# Arisa contro Emma. Carlo Conti esasperato a Sanremo.



## admin (19 Febbraio 2015)

Novella 2000 ha svelato alcuni retroscena sul Festival di Sanremo 2015. O meglio, sul dietro le quinte. Mentre, davanti alle telecamere, tutti sembravano felici e sorridenti, dietro le quinte della trasmissione il clima era molto pesante. Le due vallette, Emma e Arisa, sono arrivate ai ferri corti, rifiutando ogni tipo di contatto e di duetto sul palco (ad eccezione degli omaggi a Pino Daniele e Mango nella prima serata).
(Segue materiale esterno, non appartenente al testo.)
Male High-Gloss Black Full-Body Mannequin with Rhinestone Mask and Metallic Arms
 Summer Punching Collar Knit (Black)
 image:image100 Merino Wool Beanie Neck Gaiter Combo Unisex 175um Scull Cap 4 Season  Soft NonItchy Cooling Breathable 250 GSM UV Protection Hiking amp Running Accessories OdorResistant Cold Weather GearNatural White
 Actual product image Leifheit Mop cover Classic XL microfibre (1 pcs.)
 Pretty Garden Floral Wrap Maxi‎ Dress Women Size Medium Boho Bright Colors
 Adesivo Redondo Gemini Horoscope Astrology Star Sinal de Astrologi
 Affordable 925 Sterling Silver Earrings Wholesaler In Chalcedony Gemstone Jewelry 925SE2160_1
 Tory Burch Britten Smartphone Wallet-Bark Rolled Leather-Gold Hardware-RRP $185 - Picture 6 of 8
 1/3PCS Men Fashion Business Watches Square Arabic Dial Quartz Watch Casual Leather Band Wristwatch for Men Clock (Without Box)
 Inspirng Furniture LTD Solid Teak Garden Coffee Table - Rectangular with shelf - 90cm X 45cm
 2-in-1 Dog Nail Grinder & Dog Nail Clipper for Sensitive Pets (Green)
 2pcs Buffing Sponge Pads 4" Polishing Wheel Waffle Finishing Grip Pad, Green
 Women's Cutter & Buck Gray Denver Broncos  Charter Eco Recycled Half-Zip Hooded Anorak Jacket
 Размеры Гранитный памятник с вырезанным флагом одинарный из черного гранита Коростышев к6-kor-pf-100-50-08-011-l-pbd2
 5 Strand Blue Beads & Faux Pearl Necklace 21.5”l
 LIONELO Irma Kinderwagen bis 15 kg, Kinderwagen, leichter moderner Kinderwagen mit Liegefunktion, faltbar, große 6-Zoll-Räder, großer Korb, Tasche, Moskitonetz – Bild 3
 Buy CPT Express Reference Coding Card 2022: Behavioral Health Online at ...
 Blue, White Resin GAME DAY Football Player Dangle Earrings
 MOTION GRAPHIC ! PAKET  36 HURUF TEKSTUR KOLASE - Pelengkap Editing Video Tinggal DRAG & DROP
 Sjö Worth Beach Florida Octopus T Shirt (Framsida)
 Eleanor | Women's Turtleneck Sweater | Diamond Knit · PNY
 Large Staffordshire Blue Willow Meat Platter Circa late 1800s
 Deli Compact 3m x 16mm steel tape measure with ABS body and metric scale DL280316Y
Sembra che Arisa abbia chiesto il licenziamento della propria addetta stampa, Valeria Castelli, solo perchè, la stessa, in passato ha lavorato anche con Emma. Mantenendo un buon rapporto con la cantante. 

Carlo Conti, sempre secondo quanto riportato da Novella 2000, è rimasto delusissimo dal comportamento delle due. Arrivando, quasi all'esasperazione. Un altro problema, per lo stesso Conti, è stata Rocio Muzon Morales: l'altra valletta (bella) la quale non faceva che piangere emozionandosi praticamente per ogni cosa.

Un Festival di Sanremo da dimenticare. Almeno dietro le quinte.


----------



## Underhill84 (20 Febbraio 2015)

eh perchè davanti è stato un successone... canzoni di una bruttezza epica... uno dei peggiori san remo di sempre


----------